Re: Self join

2019-01-30 Thread Marco Gaido
Hi all,

this thread got a bit stuck. Hence, if there are no objections, I'd go
ahead with a design doc describing the solution/workaround I mentioned
before. Any concerns?
Thanks,
Marco

Il giorno gio 13 dic 2018 alle ore 18:15 Ryan Blue  ha
scritto:

> Thanks for the extra context, Marco. I thought you were trying to propose
> a solution.
>
> On Thu, Dec 13, 2018 at 2:45 AM Marco Gaido 
> wrote:
>
>> Hi Ryan,
>>
>> My goal with this email thread is to discuss with the community if there
>> are better ideas (as I was told many other people tried to address this).
>> I'd consider this as a brainstorming email thread. Once we have a good
>> proposal, then we can go ahead with a SPIP.
>>
>> Thanks,
>> Marco
>>
>> Il giorno mer 12 dic 2018 alle ore 19:13 Ryan Blue 
>> ha scritto:
>>
>>> Marco,
>>>
>>> I'm actually asking for a design doc that clearly states the problem and
>>> proposes a solution.
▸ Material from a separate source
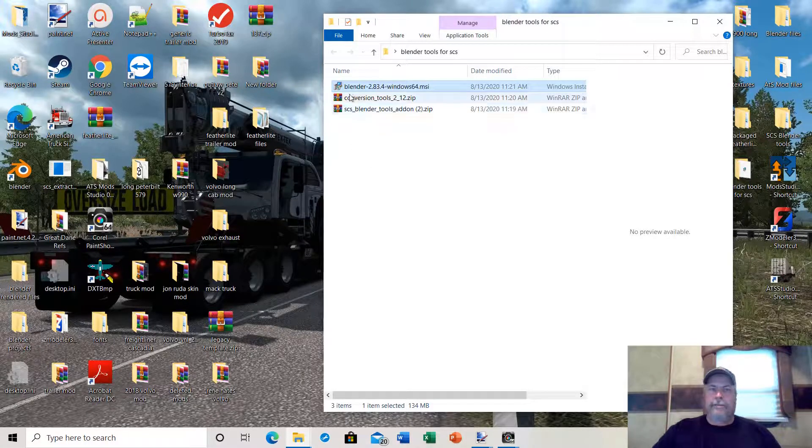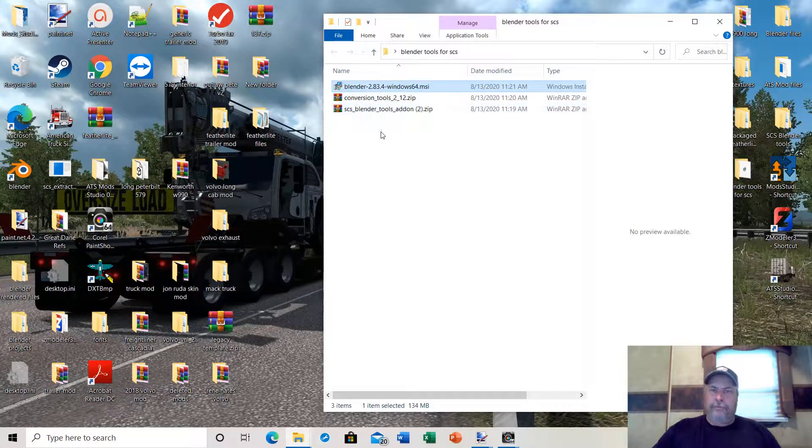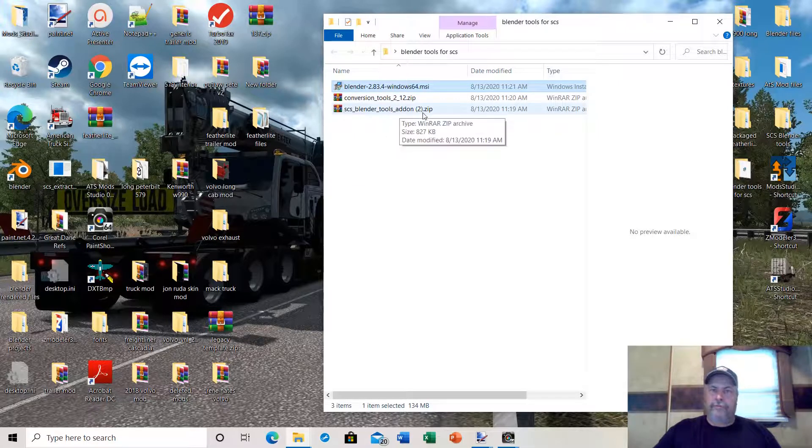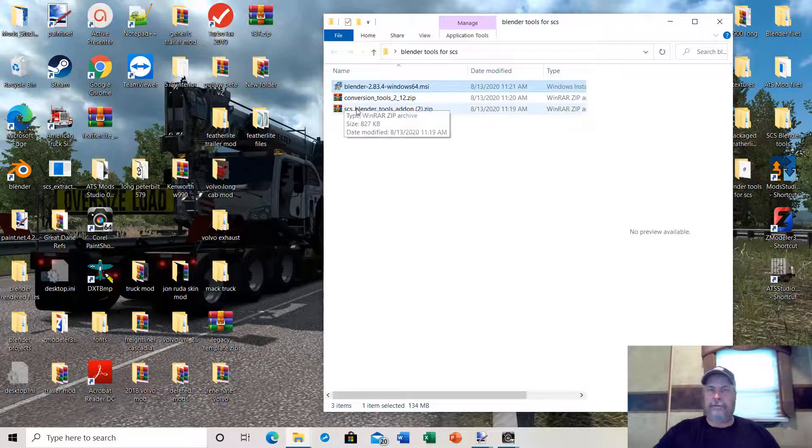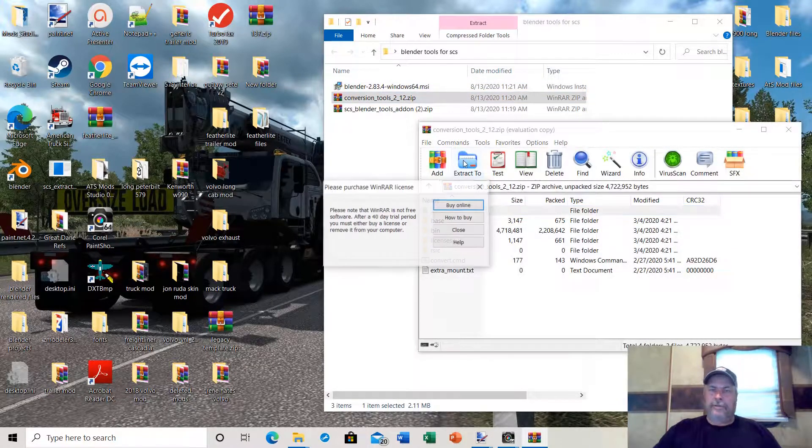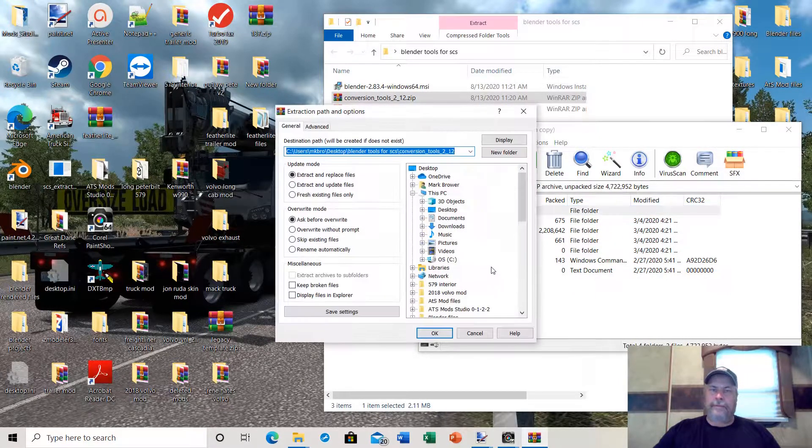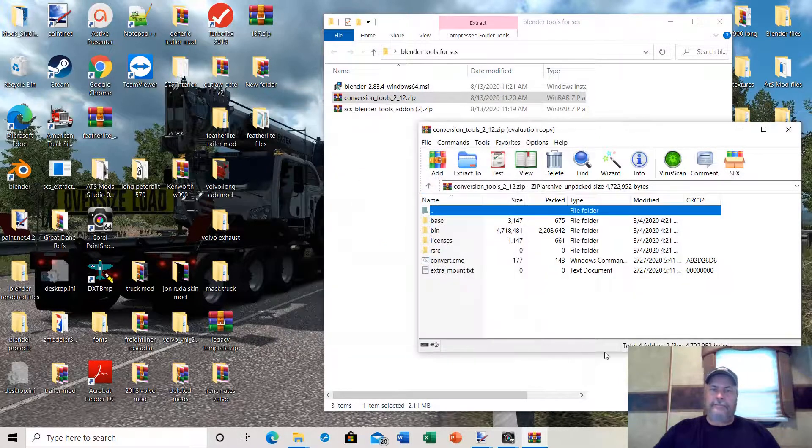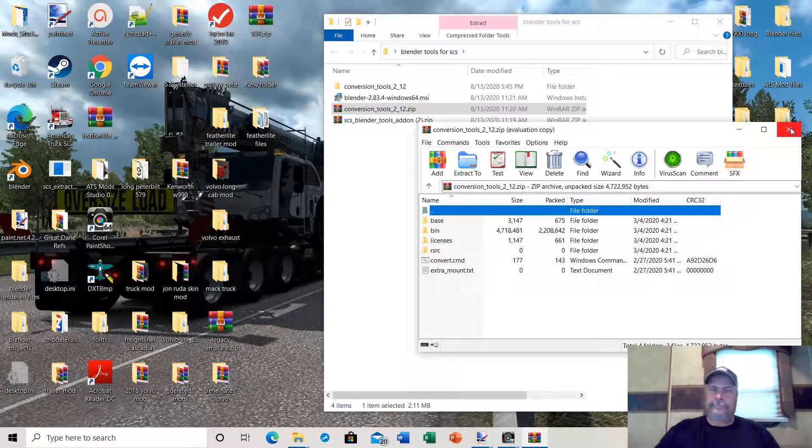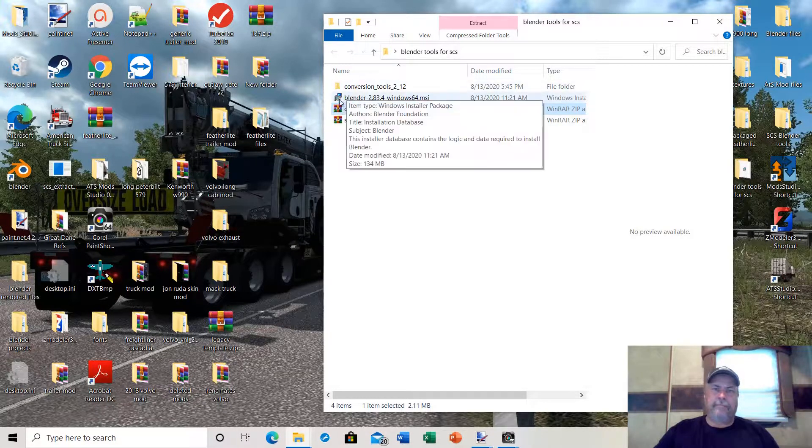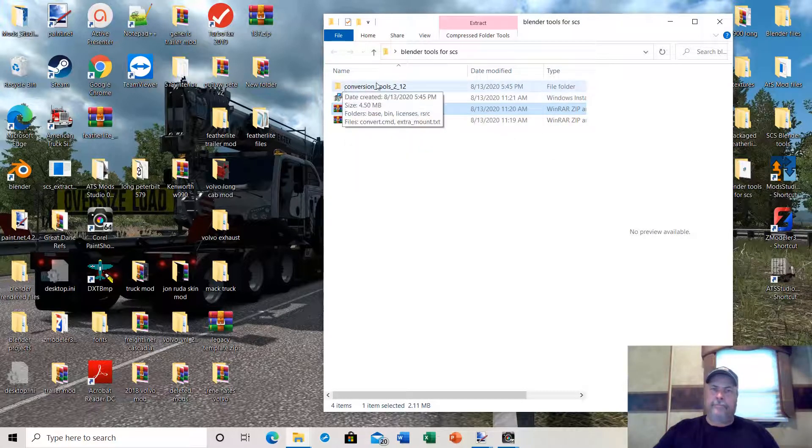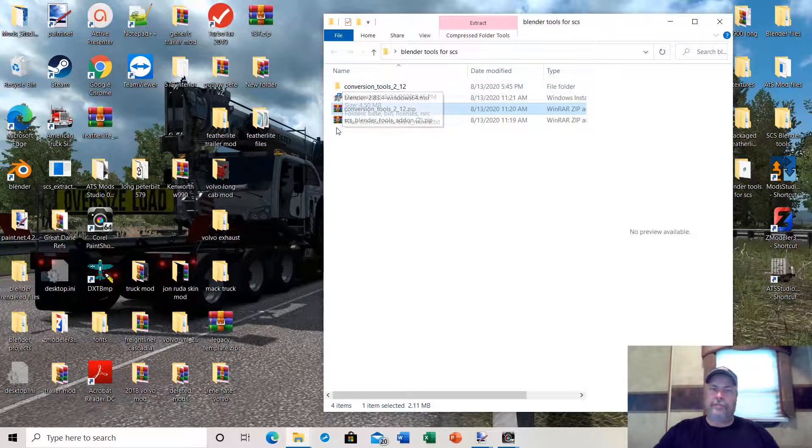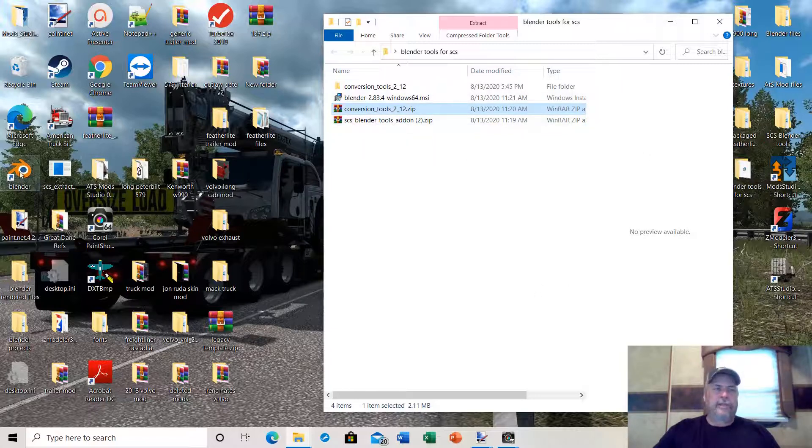We have Blender installed on the desktop. In the other two folders, you have your SCS Blender Tools add-on. Leave this in the zip file, do not unzip this file. The conversion tools, however, you need to unzip. Extract it into the folder where it's at. Now you should have Blender, your conversion tools, your extracted conversion tools, and your Blender Tools add-on in the zip file. Now let's start Blender.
This is a substantial change and probably should be an
>>> SPIP.
>>>
>>> I think that would be more likely to generate discussion than referring
>>> to PRs or a quick paragraph on the dev list, because the only people that
>>> are looking at it now are the ones already familiar with the problem.
>>>
>>> rb
>>>
>>> On Wed, Dec 12, 2018 at 2:05 AM Marco Gaido 
>>> wrote:
>>>
 Thank you all for your answers.

 @Ryan Blue  sure, let me state the problem more
 clearly: imagine you have 2 dataframes with a common lineage (for instance
 one is derived from the other by some filtering or anything you prefer).
 And imagine you want to join these 2 dataframes. Currently, there is a fix
 by Reynold which deduplicates the join condition in case the condition is
 an equality one (please notice that in this case, it doesn't matter which
 one is on the left and which one on the right). But if the condition
 involves other comparisons, such as a ">" or a "<", this would result in an
 analysis error, because the attributes on both sides are the same (eg. you
 have the same id#3 attribute on both sides), and you cannot deduplicate
 them blindly as which one is on a specific side matters.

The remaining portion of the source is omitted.